CRDTs #2: Turtles All the Way Down

May 22, 2025 • 11 min read

After a lecture on cosmology, William James was challenged by a skeptic:
"Your theories are incorrect. The Earth rests on a turtle,"
"And what holds up the turtle?" James asked.
"Another turtle," came the reply.
"And what holds that up?" pressed James.
The skeptic was undeterred:
"You can't fool me, sir. It's turtles all the way down."
— Anecdote attributed to William James (via J.R. Ross, 1967)

This is the 2nd post in a series of 4 posts I'm doing on CRDTs. Please see the intro post for context.

Modern distributed systems often seem to rest on an stack of turtles. For every guarantee we make, we seem to rely on a lower-layer assumption. Eventually we're left wondering: what is at the bottom?

CRDTs — Conflict-Free Replicated Data Types — are often advertised as a foundation we can finally trust. They promise convergence of state across machines without requiring perfect clocks, global operation ordering, or causal message delivery ... and they do it with math.

But many CRDTs sneak in assumptions that don't belong. That's not solid ground. It's not math. It's turtles.

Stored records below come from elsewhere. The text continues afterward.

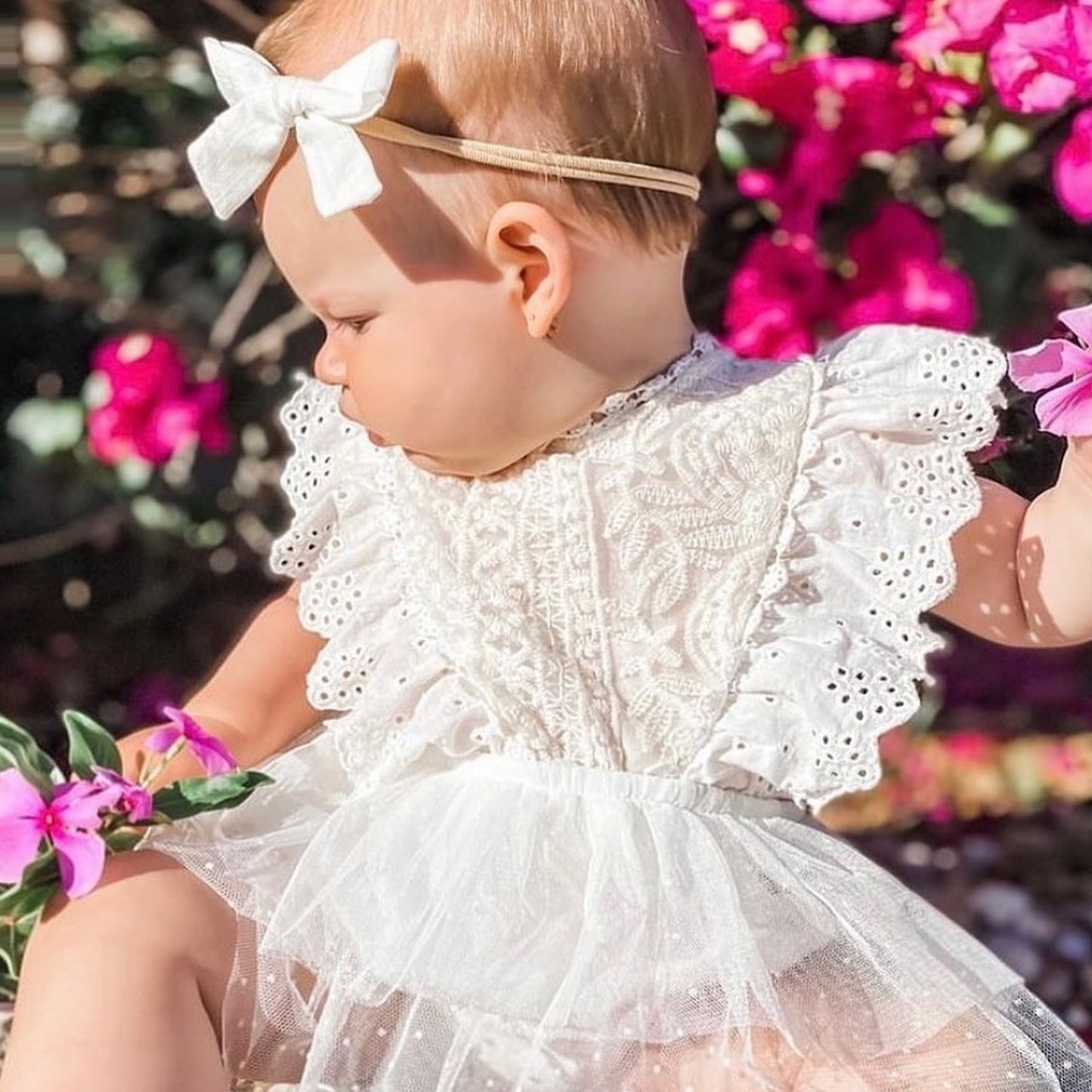 Cute lace outfit for a Newborn Photoshoot. White Lace Smash Cake Outfit Girl, Boho Baby Romper Dress Tulle for First Birthday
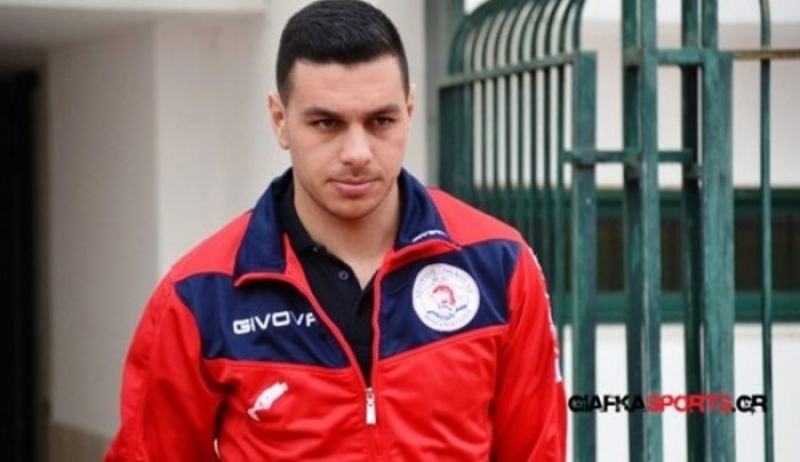 Στα «βυσσινί» ο Τογρού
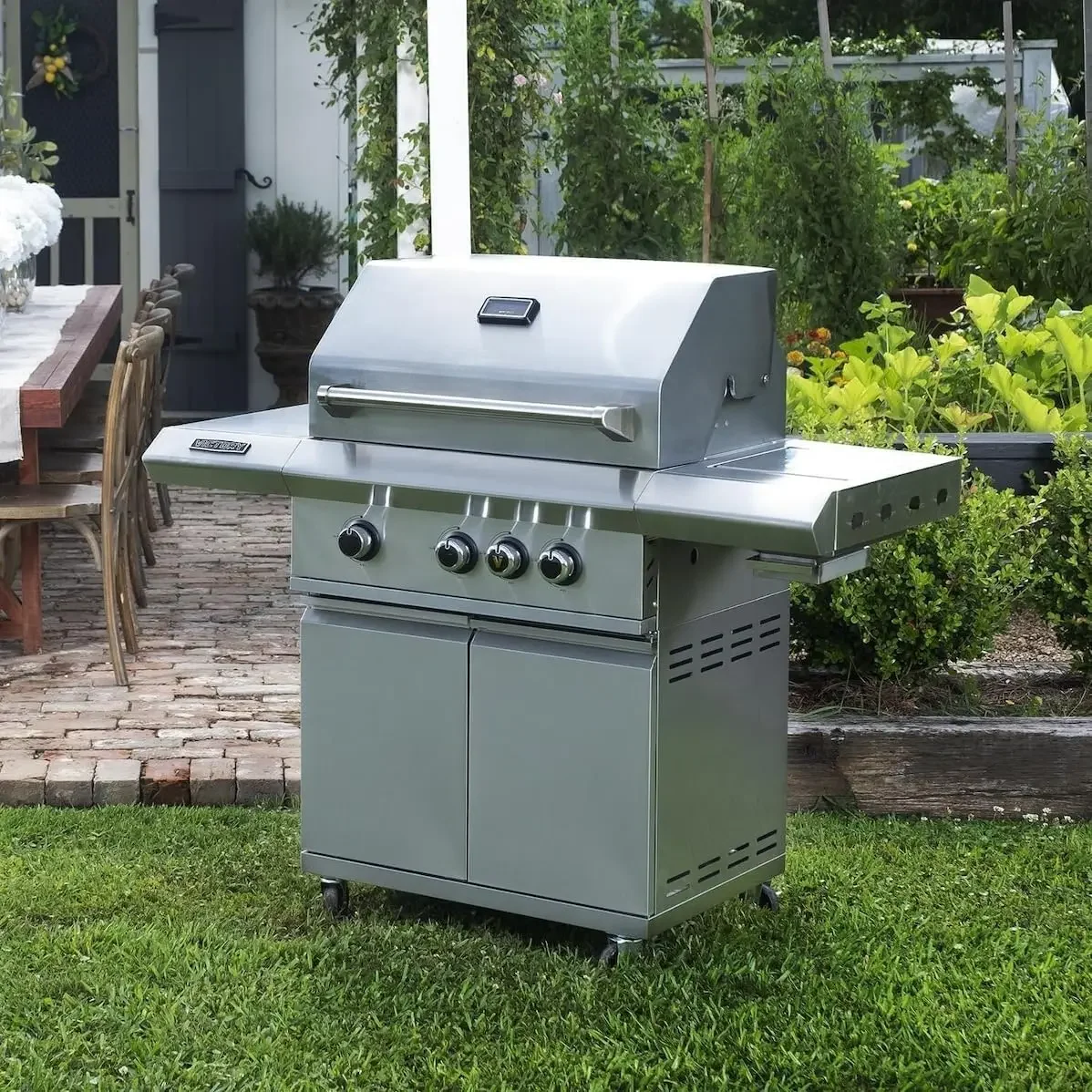 

3-Burner Propane Gas Grill With Infrared Side Burner - BBQ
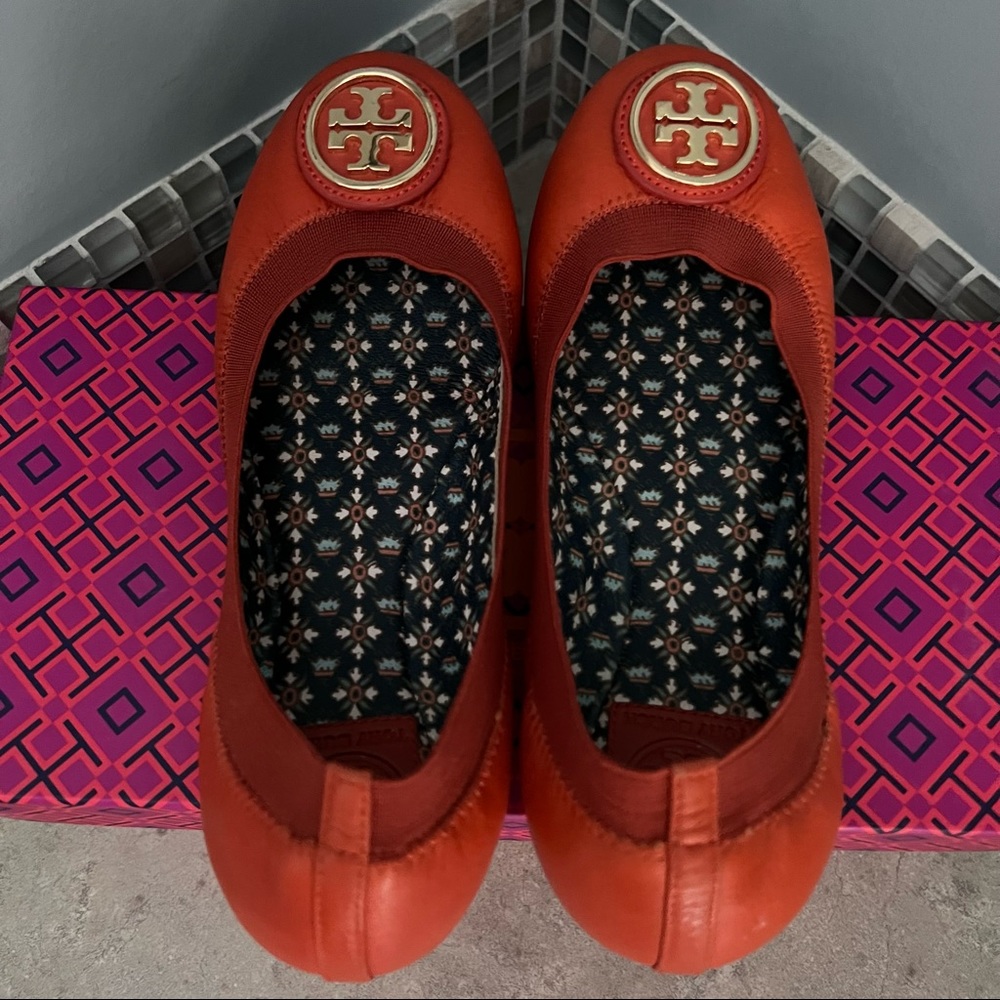 Tory Burch Caroline 2 Ballet Flats Women’s Size 6.5 US in Equestrian Orange
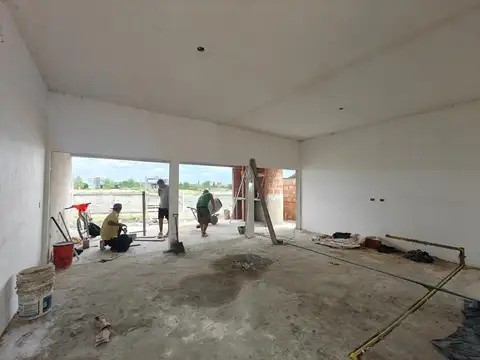 Casa en Venta con 4 cocheras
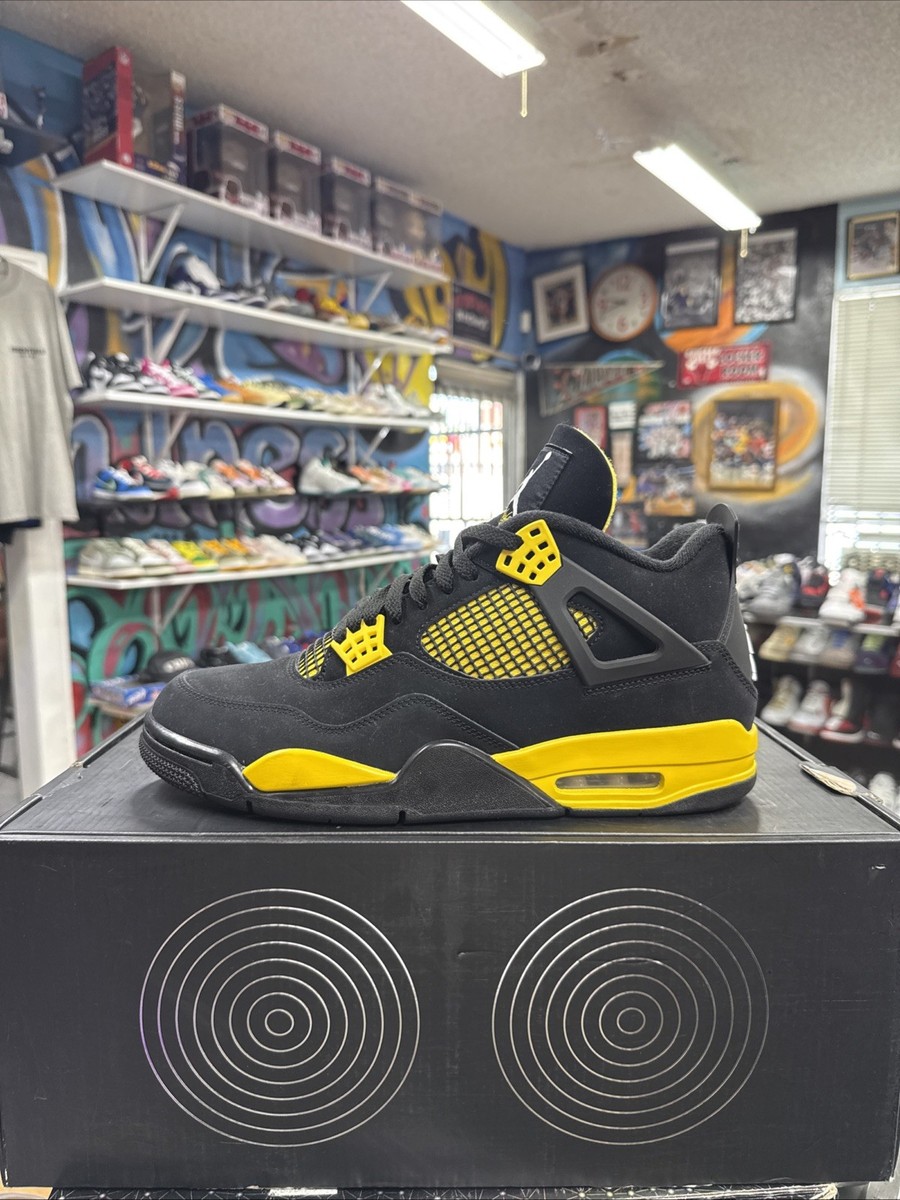 Jordan 4 Retro Thunder (2023)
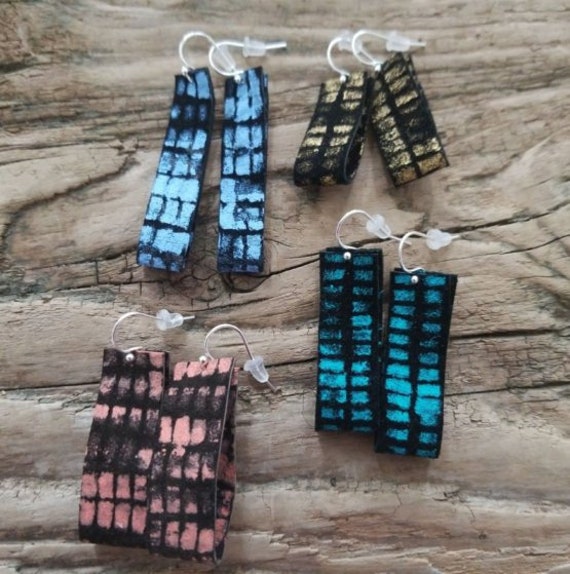 Painted Lederohrringe, Ohrringe Türkis Upcycled Schmuck Leder Schleife Einzigartige Geschenke von DesignsEntwined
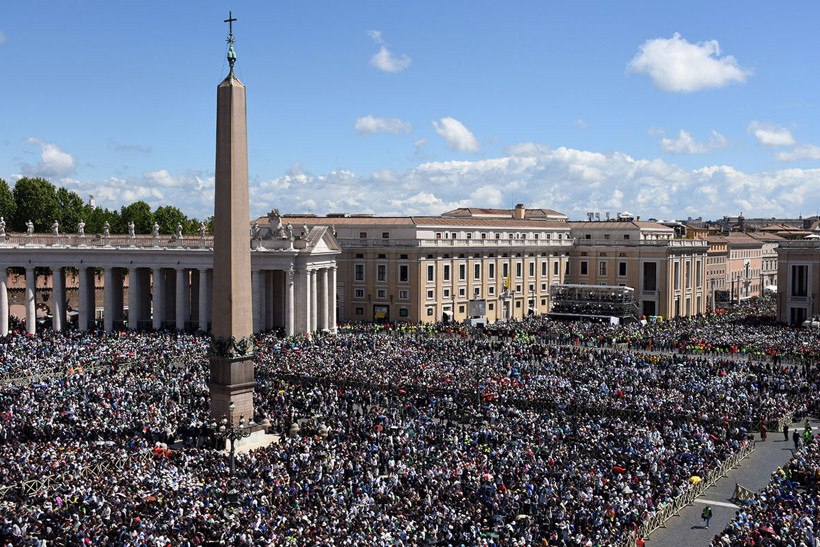 Papa Franciscus'un Vatikan'daki cenaze törenine 250 bin kişi katıldı - Resim : 13
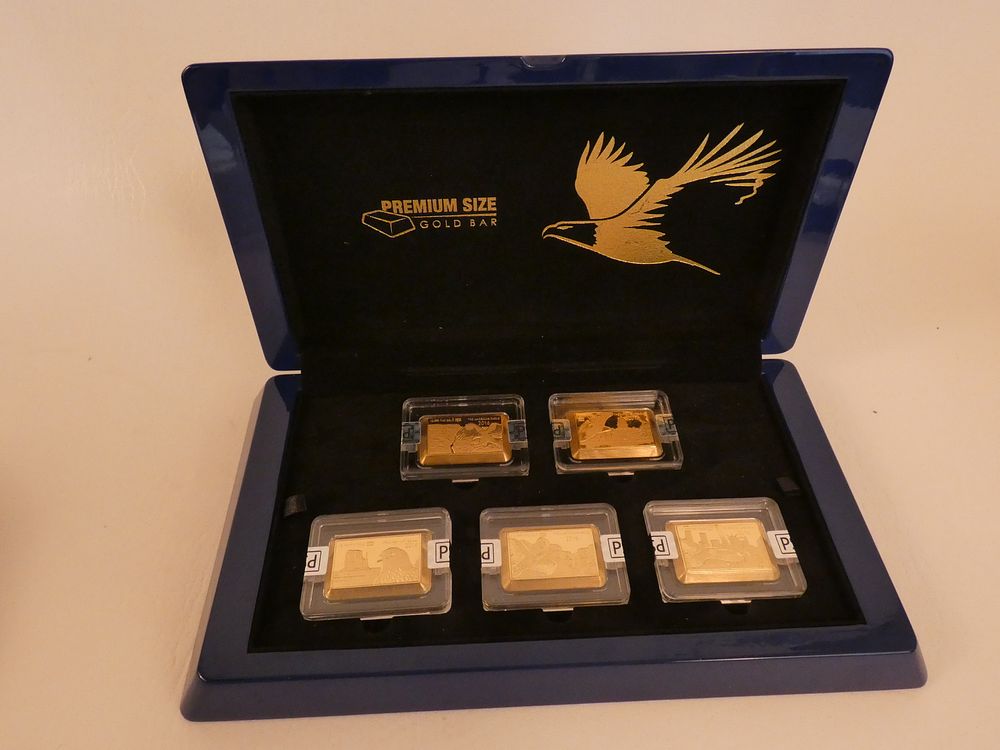 Appraisal: FIJI GRAM GOLD BARS COLLECTION Cased set of five Fiji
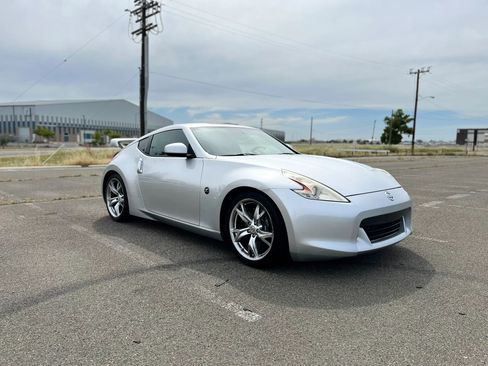 Used 2009 Nissan 370Z Touring w/ Sport Pkg image 3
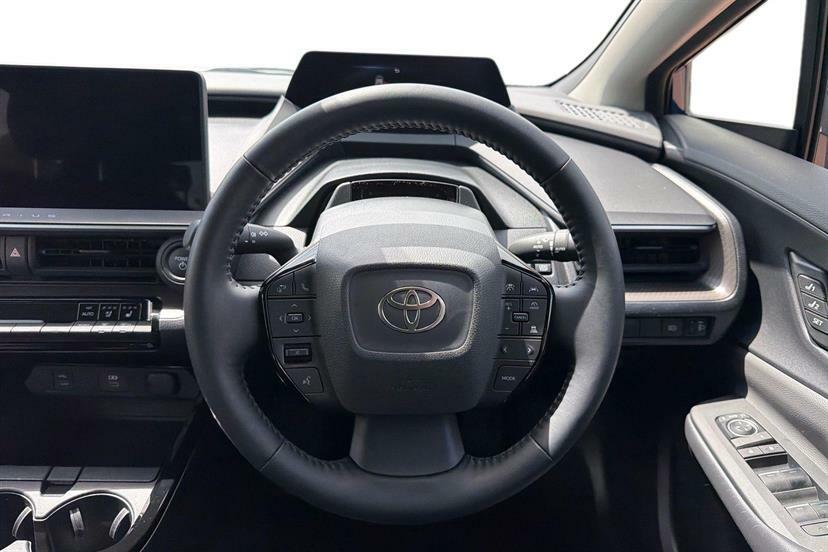 Toyota Prius 2.0 Phev Excel Cvt  #8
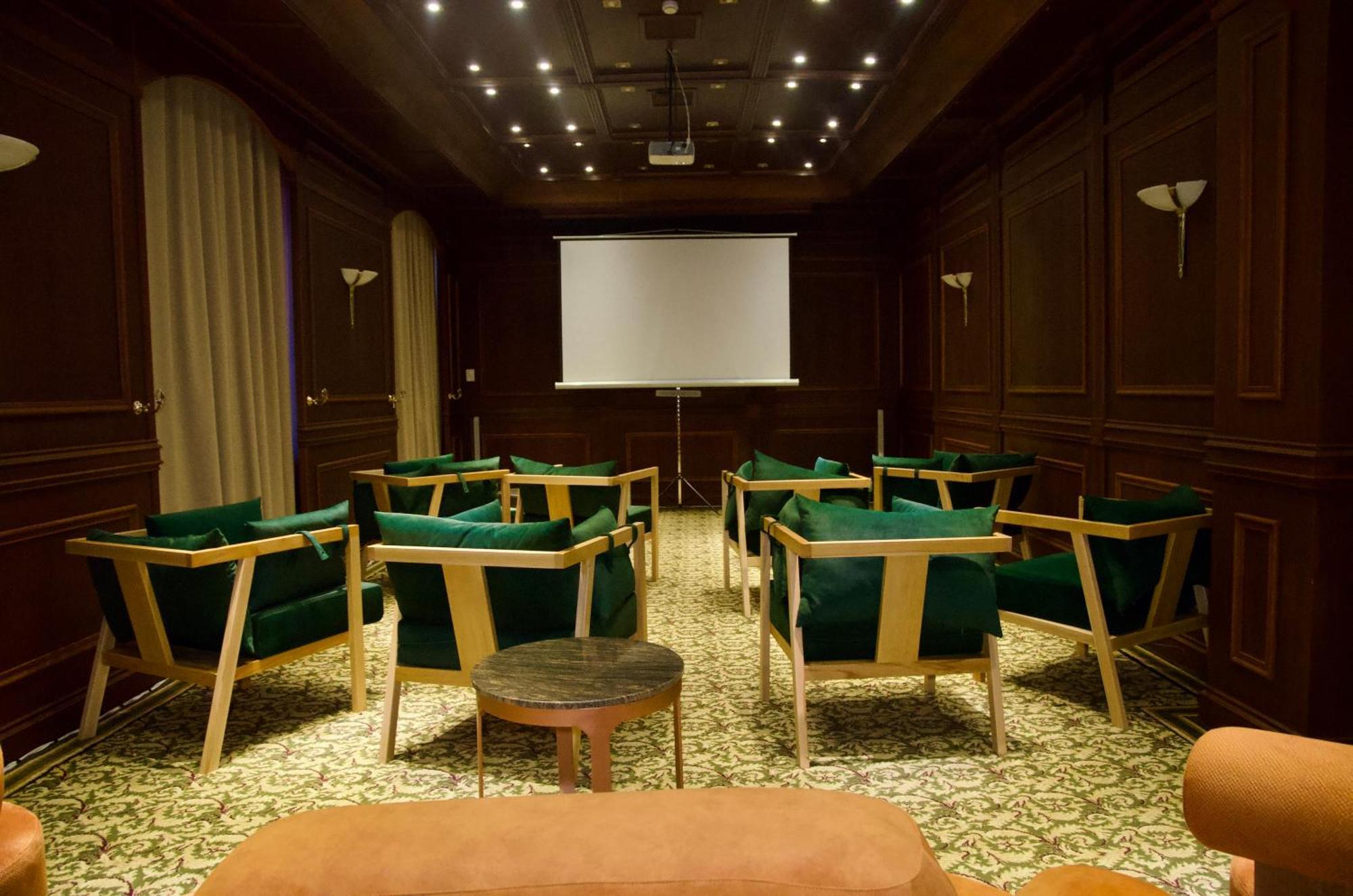 Eighty Eight Deluxe & Hotel 5*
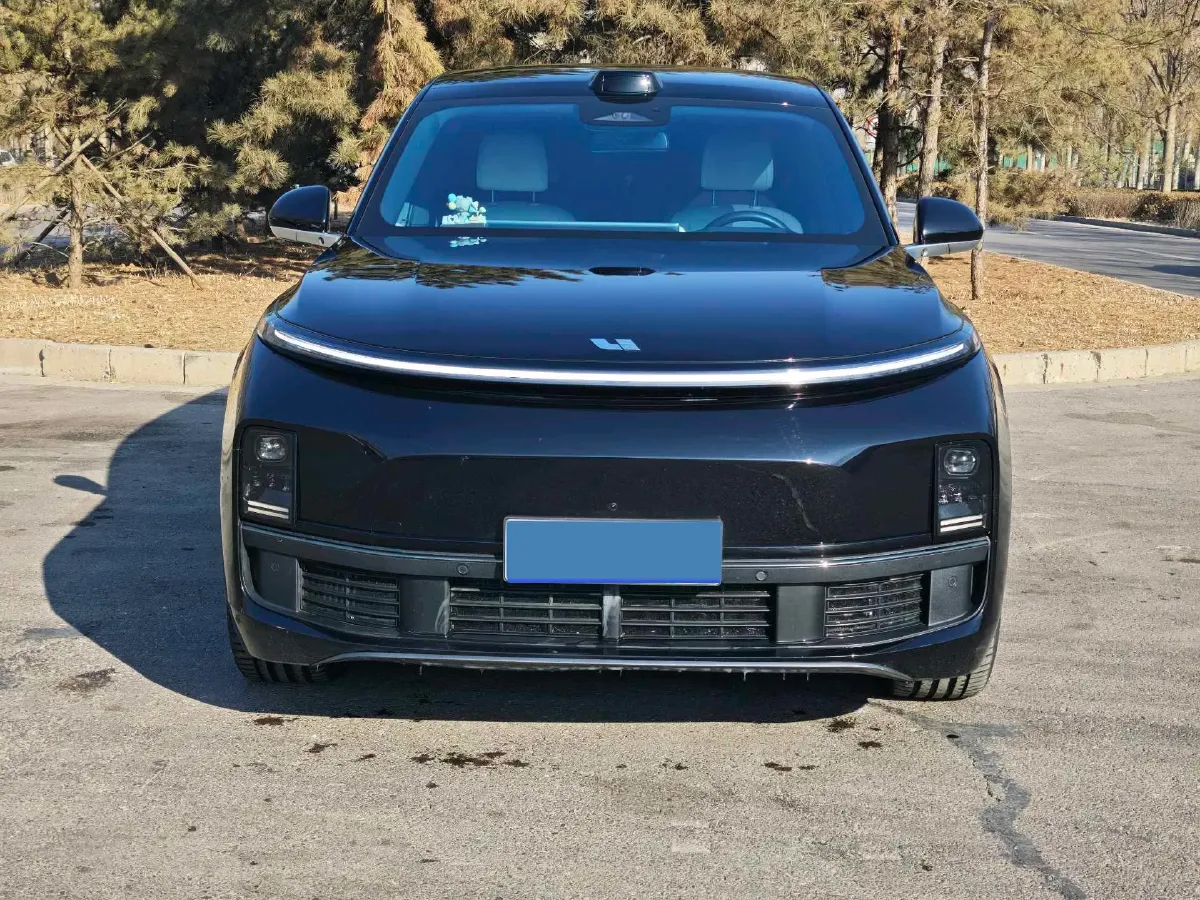 2024 Li L9 Range Extended 154HP REEV 52.3KWH,autocango,china used car exporter,china ev exporter,chinese used car exporter,chinese used ev exporter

In this post, we’ll show how to design CRDT internals properly:

✅ Always in terms of a semilattice structure.
✅ Always with clean algebraic reasoning, without hidden dependencies.
✅ With explicit causality lattices included whenever needed.

This will ensure we're always using careful reasoning.

Correct CRDTs are semilattices at bottom. And that's math you can count on.

🐢 A Principle for CRDTs: Semilattices All the Way Down

Every well-designed CRDT is a semilattice.

✅ A semilattice defines how information grows and merges.
✅ It provides convergence by construction, through clean algebra.

In case you've read about a split between so-called "state-based" vs "op-based" CRDTs, you can ignore that for now; it's a turtlish distraction I will fill in below. Here’s what actually matters:

A semilattice is:

A set of states $S$

A join function $\sqcup : S \times S \to S$ that must satisfy commutativity, associativity, and idempotence. The join function induces a partial order: $x \leq y \iff x \sqcup y = y$ .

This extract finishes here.